First of all, we gained three new boxes for the contest.

Then we gained a whole bunch more boxes to introduce the new blue color.

Of course, the way they generate all of this publicity comes at the cost of losing a color from their catalog which to me seems a bit silly.  Really?  You have to get rid of a color to introduce a new color?  I guess only so many will fit in each container though so clearly they had to remove a color...but why remove it from the entire spectrum of boxes and bulk orders?

It is interesting to note that they chose only 3 boxes to use for the naming but 5 for the introduction and the 3 from Canada and then the Color Collection.  Of course, they skipped the No 48 box which should also have the new color.  Such are the mysteries of crayon collecting.

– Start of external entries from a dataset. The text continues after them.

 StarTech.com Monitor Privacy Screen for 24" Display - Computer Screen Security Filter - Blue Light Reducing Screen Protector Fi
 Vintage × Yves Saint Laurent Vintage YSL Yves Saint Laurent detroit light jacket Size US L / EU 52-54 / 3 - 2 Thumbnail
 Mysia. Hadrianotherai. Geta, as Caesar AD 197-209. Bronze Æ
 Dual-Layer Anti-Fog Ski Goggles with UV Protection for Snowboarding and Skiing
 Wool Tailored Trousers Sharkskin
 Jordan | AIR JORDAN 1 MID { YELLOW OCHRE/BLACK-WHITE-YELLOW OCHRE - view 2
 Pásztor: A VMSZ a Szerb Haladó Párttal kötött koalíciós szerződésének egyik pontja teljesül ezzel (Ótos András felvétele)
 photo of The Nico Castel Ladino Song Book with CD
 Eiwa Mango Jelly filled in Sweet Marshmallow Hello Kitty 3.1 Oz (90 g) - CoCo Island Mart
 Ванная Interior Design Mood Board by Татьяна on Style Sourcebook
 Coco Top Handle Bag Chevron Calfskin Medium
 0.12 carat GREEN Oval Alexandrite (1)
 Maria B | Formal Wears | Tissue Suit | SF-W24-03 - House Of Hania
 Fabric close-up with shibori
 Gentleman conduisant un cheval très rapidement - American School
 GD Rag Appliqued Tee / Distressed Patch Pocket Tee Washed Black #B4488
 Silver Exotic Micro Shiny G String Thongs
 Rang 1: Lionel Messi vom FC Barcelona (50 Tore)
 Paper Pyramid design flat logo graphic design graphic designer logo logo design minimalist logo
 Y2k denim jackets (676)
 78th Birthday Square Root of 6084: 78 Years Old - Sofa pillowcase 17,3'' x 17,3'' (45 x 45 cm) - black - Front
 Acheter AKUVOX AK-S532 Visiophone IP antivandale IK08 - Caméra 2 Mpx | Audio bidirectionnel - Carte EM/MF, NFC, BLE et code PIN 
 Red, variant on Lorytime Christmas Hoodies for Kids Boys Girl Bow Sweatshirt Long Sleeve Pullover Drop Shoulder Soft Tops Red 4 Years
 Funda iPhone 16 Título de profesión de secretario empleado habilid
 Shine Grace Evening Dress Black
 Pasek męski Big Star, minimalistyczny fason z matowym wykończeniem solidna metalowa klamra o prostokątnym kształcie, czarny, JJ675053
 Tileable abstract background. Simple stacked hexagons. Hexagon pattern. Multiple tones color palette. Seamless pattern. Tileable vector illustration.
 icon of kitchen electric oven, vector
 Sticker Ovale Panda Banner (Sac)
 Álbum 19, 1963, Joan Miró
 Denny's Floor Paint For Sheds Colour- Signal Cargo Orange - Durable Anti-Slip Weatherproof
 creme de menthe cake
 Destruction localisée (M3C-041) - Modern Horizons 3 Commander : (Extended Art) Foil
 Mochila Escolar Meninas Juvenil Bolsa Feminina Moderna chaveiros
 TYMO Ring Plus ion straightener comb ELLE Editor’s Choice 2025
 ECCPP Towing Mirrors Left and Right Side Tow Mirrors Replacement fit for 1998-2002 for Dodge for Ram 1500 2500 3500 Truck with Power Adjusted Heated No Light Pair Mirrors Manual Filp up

Once upon a time another crayon company stole Crayola's look and feel

It doesn't matter how advanced your collection gets, there is always something out there that you didn't know about and have never seen.  Case in point, even though my collection had over 60,000 crayons in it, I got an email from Phyllis Tompkins a fellow collector the other day who had found my website and wrote to share her own collection.  She had been collecting far longer than I had; nearly 30 years.  And although her collection was small in comparison to mine (I was aggressive and obsessive in my pursuit of crayons), it had a number of great boxes that I had never seen before.  I was impressed.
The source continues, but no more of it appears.